On the brink of crumbling a decade ago, America’s financial system was saved by an extraordinary rescue that revived Wall Street and the economy yet did little for individuals who felt duped and left to suffer from the reckless bets of giant banking institutions.
The government intervention shored up the banking system, allowed credit to flow freely again and helped set the economy on a path toward a painfully slow but lasting recovery from the Great Recession.
In the process, though, millions endured job losses, foreclosures and a loss of financial security and struggled to recover with little outside help.

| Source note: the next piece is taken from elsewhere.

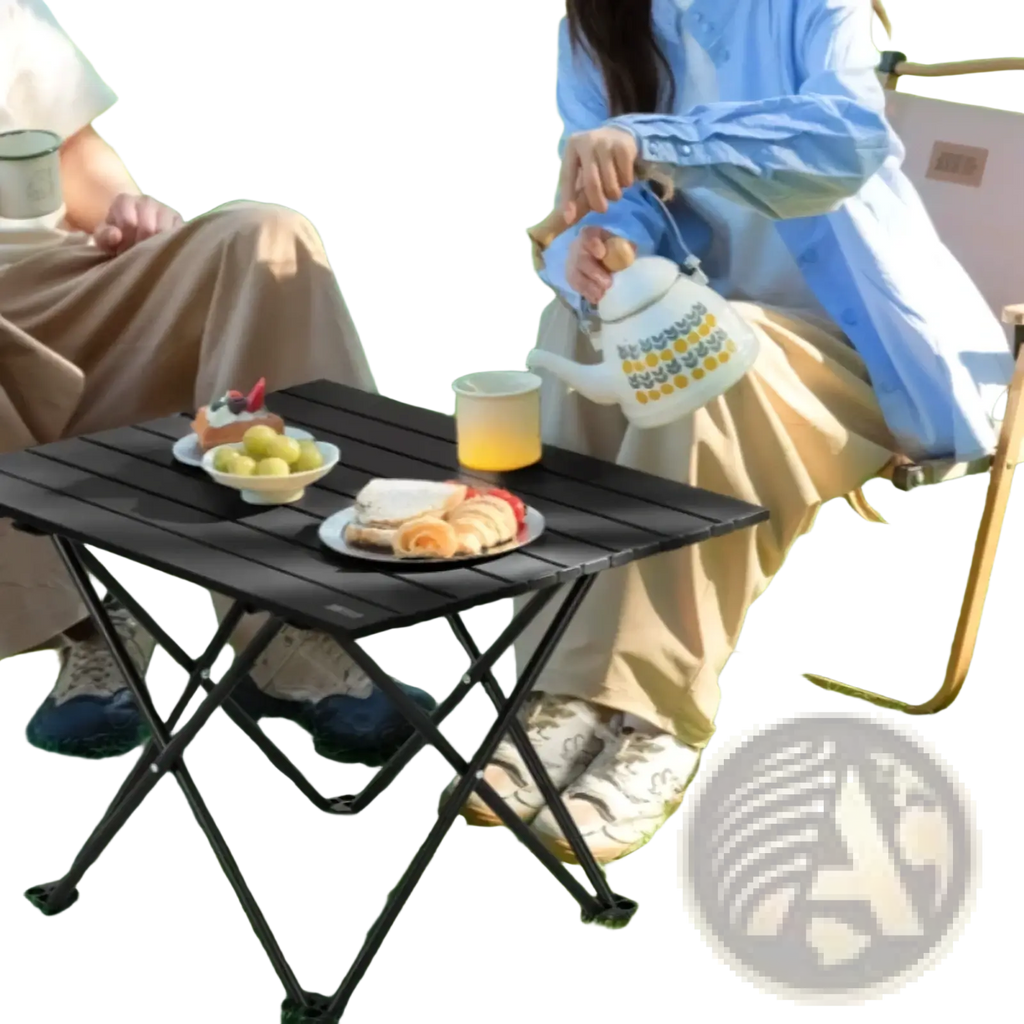Black foldable outdoor camping table with sleek minimalist design and sturdy metal legs for portable use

For many, faith in homeownership, the financial markets and a government-provided security net never quite felt secure again.
Even with the economy roaring this year, 62 percent of Americans say the country is heading in the wrong direction, according to an August survey by The Associated Press and the NORC Center for Public Affairs Research.

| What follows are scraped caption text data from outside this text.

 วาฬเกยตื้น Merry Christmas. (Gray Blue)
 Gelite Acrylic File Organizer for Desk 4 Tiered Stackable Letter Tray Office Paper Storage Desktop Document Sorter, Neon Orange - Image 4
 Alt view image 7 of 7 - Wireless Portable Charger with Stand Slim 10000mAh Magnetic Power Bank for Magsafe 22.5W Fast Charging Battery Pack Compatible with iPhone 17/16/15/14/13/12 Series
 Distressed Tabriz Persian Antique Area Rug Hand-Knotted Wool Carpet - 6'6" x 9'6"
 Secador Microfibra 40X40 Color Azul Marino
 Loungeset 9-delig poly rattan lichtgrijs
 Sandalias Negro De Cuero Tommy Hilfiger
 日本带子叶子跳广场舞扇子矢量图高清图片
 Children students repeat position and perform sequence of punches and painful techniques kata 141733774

Still, by pretty much any measure, the picture was far bleaker a decade ago. Home prices had sunk, and mortgages were going unpaid. Layoffs had begun to spike. The tremors intensified as Lehman Brothers, a titan of Wall Street, surrendered to bankruptcy on Sept. 15, 2008. Stock markets shuddered and then collapsed in a panic that U.S. government officials struggled to stop.

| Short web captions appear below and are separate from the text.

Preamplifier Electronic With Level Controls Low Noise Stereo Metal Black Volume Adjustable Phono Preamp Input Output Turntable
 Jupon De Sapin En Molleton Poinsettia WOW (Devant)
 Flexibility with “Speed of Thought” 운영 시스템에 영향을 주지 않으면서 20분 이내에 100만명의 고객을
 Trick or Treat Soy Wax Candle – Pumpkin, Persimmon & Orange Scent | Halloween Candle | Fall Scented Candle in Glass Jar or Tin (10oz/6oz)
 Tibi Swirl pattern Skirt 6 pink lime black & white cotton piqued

Desperate, the government took steps never tried before. It flooded the economy with $1.5 trillion in stimulus over five years. To keep loan rates low, the Federal Reserve slashed its benchmark rate to a record-low near zero and bought trillions in Treasurys and mortgage bonds. Stricter rules, intended to prevent a future catastrophe, were passed.
Stocks not only recovered; they soared. Unemployment plunged from 10 percent to the current 3.9 percent, near a 50-year low.
The stock market gains, though, flowed mostly to the already affluent. Homeownership, the primary source of wealth for most American households, declined.
And while risky mortgages are much less common, student debt has exploded. Anxiety persists as racial and political tensions have intensified in a nation that is increasingly diverse and cleft by a widening wealth gap.